Well, not normally anyway. There’s been a couple of stories recently in the Irish Examiner which feature the possibility of whistle blowing in a couple of scenarios.

It’s not really in the psyche of the Irish to “squeal” on others where we see wrong doing in action. We’ve a part of our own history where “supergrasses” don’t have too popular a history.

The first story shows that this may be starting to change – Insurance fraud hotline receives 3,500 tip-offs. However, this relates to only 272 reported cases for 2007.

The second story, Government denies involvement in alleged price-fixing probe, provides contact details for the intriguingly named Cartel Immunity Programme within the Competition Authority. According to the article:

The spokesman said in any case where people feel there are corrupt practices in place they should contact the immunity programme at 087-7631378. This would include anybody with information on tenders for government contracts.

Note, this isn’t for whistle blowing in general – only where you think there may be cartels in operation. For example, if you think that there’s a cartel in operation in your town where the petrol prices in every petrol station are the same (unsuccessful in the end).

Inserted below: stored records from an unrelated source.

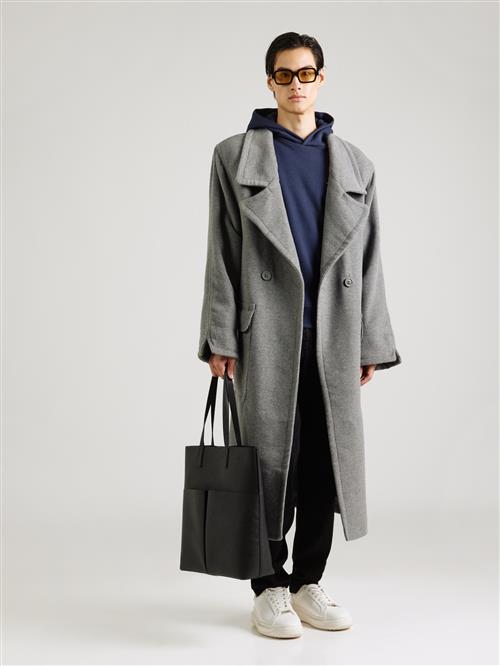 Pepe Jeans Sweatshirt  navy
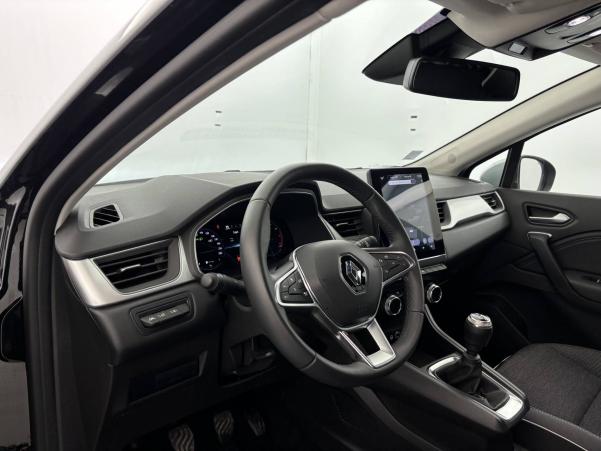 Vente en ligne Renault Captur  TCe 90 au prix de 20 990 €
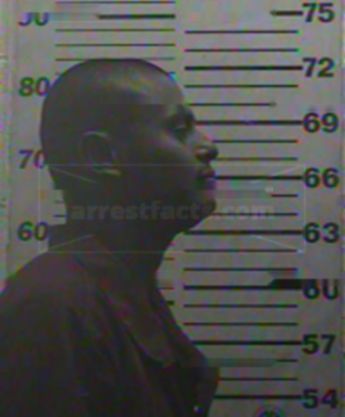 Abner Flores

Personally, I believe that whistle blowing (responsibly) should be facilitated and encouraged. Day by day, we’ve seen there were so many dodgy things that have gone on over the past number of years in this country. You’d like to think that there were at least some honourable people looking on who could have done or said something (anonymously even) to bring these to the attention of someone who could have done something about it.

It’s just unfortunate that our current government are not really in favour of such whistle blowing – the Whistle Blowers Protection Act proposed by Labour in 1999 was finally killed in 2005, never to be seen since.

Then again, when you see the behaviour of many within Fianna Fail and their supporters over the years, they’d more than likely have been the primarily people to be brought to book if such legislation was actually in place.